Set down, exactly and with nothing added, the lines running from the one that holds "DeskBloom™ Bunny Bow Headset Stand" to the final line of the records. Pictures stay out of the copy.

======== Entries shown ========

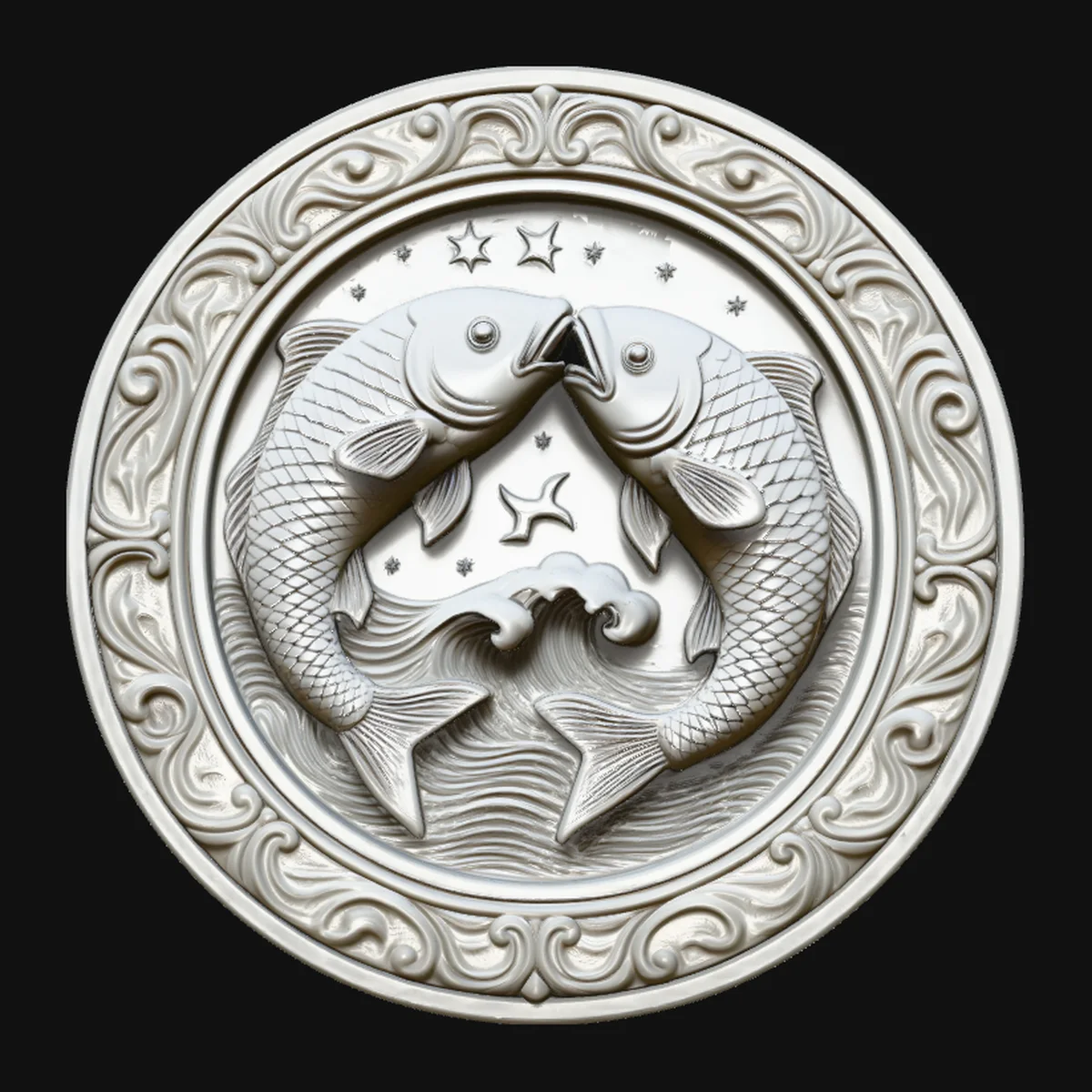 Pisces Zodiac Relief Medallion Pendant Design 2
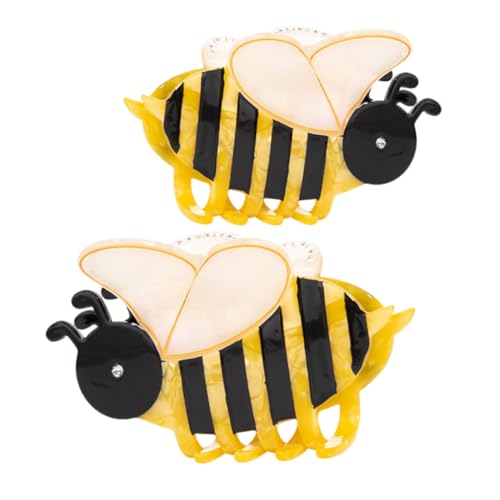HEALEEP 2 Stück Haarklammern In Bienenform Süße Rutschfeste Federspangen Tierförmige Kieferklammern Neuartige Haarnadel Für Frauen Und Mädchen Langes Dickes Dünnes Lockiges Haar von HEALEEP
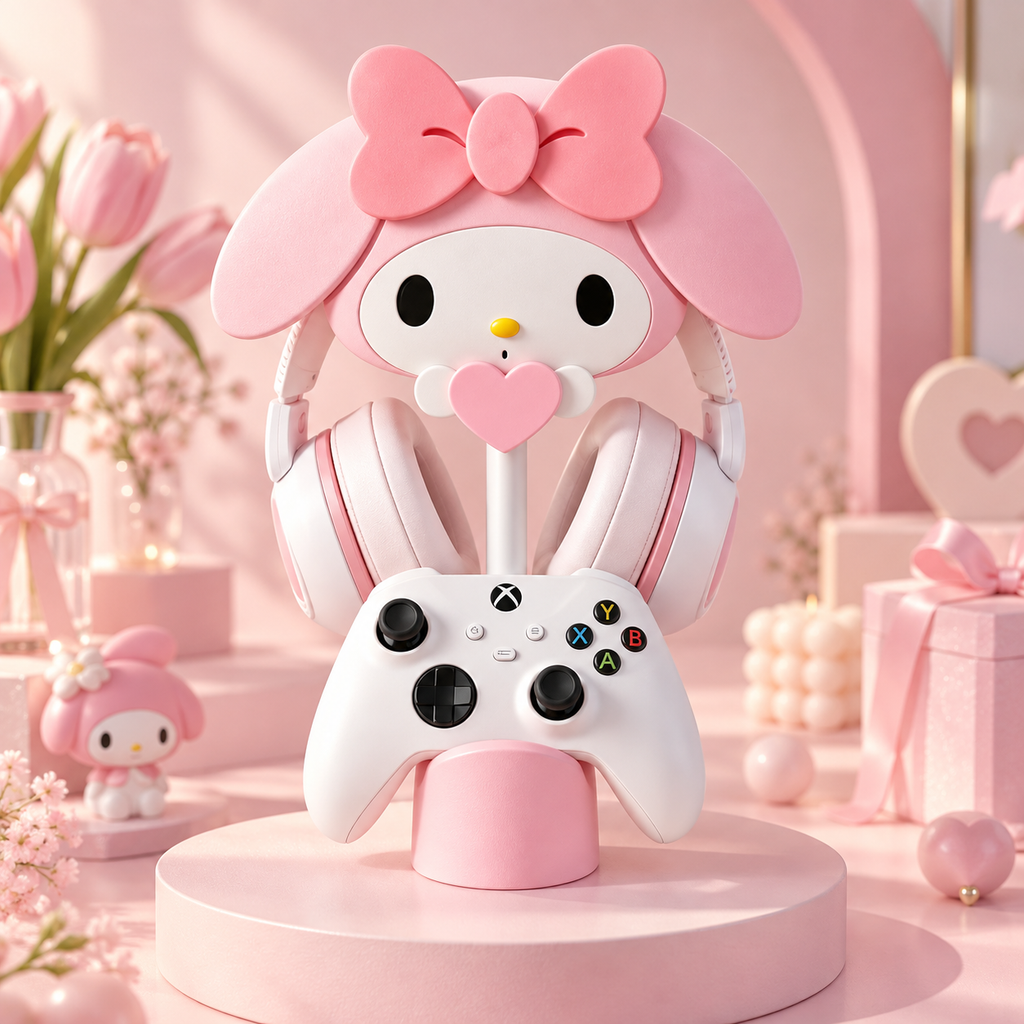 DeskBloom™ Bunny Bow Headset Stand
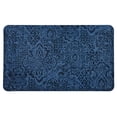 thumbnail image 1 of Damask Nouveau Blue Polyester Kitchen Mat 18x30, 1 of 5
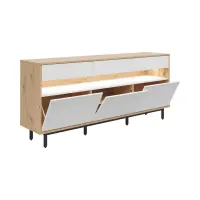 Cómoda Gap 190 cm con 3 puertas y cajones roble artisan/blanco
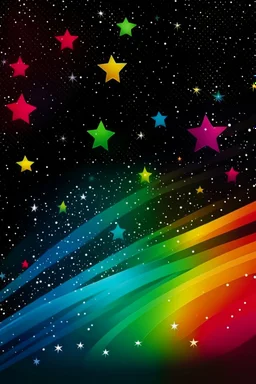 rainbow stars in space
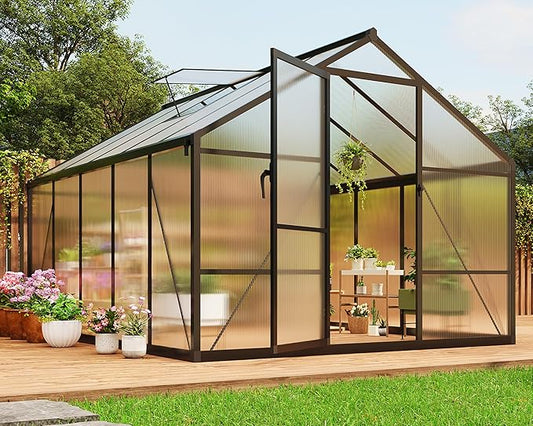 8×10 FT Greenhouse, Large Walk in Greenhouses for Outdoors and Garden Planting, Polycarbonate Greenhouse with Enhanced Aluminum Frame, Green Houses with Upgraded Floor Spikes and Roof Vent, Black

========

### Output of the task
 DeskBloom™ Bunny Bow Headset Stand
 thumbnail image 1 of Damask Nouveau Blue Polyester Kitchen Mat 18x30, 1 of 5
 Cómoda Gap 190 cm con 3 puertas y cajones roble artisan/blanco
 rainbow stars in space
 8×10 FT Greenhouse, Large Walk in Greenhouses for Outdoors and Garden Planting, Polycarbonate Greenhouse with Enhanced Aluminum Frame, Green Houses with Upgraded Floor Spikes and Roof Vent, Black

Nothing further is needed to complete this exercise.